Cleek is a classic pulp hero: he has an unlikely power, which is to be able to reshape his face without using makeup or prosthetics so that he can look completely different (and can even look like other people, presumably with a bit of extra work on wigs, false moustaches, clothes, padding and so forth, though this isn't really gone into). At the start of the book, he's using this ability, and his considerable intelligence, to commit crimes, but he meets a woman, falls for her, and determines to reform.

Based on Cleek's bare, unsupported word and apparently on his own authority, a Scotland Yard inspector accepts that this notorious criminal is setting out to reform and gives him a position as a detective that appears to be semi-official; he doesn't seem to be a regular member of the force, but he's offered cases and has an ID that the police recognize. Even though he was well known, under the same name, as a criminal to both the police and the newspapers, after his reformation those same police and newspapers celebrate him as a detective; he doesn't appear to suffer any public consequences for his past crimes (it turns out that he is using any money he earns to compensate his victims, but he does this secretly).

There's a reveal about his background at the end of the book that plays into a trope I dislike. (view spoiler) Also, the author is increasingly vague about details the further east of Suffolk he gets; his fictional European country is French-speaking but has Eastern European elements, his Sri Lankan Sinhalese people speak Hindustani rather than Sinhala and their Buddhism feels like a mishmash of what a not-very-well-informed English person would know about Hinduism and Islam, and a devout Turkish Muslim woman twice refers to her "gods," even though strict monotheism is one of the most famous tenets of Islam. (view spoiler)

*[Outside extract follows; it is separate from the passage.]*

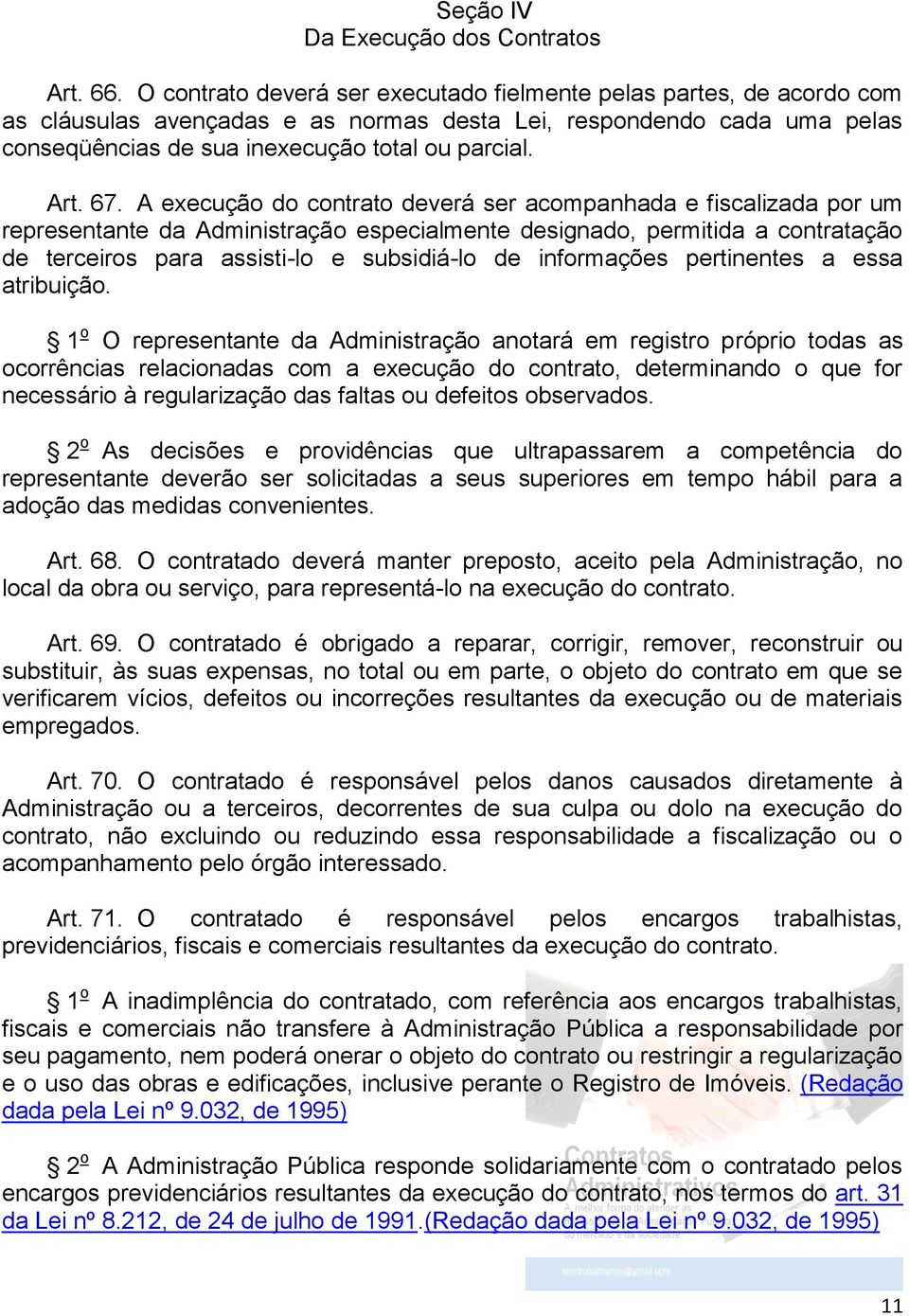 67. A execução do contrato deverá ser acompanhada e fiscalizada por um representante da Administração especialmente designado, permitida a contratação de terceiros para assisti-lo e subsidiá-lo de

All of this kept the book out of the Silver tier of my recommendation list, but it's still a ripping pulp adventure, full of larger-than-life characters, tension, drama and dastardly plots cleverly detected. The plots do tend to have a certain sameness about them, in that they are frequently about gaining money through inheritance, but not all of them are like that, and even within that formula there's variation.

With more pleasant characters (for my taste) than Raffles, though not as well written as Arsene Lupin, these stories are worth a read if you're willing to go along with the pulpiness and just enjoy the ride.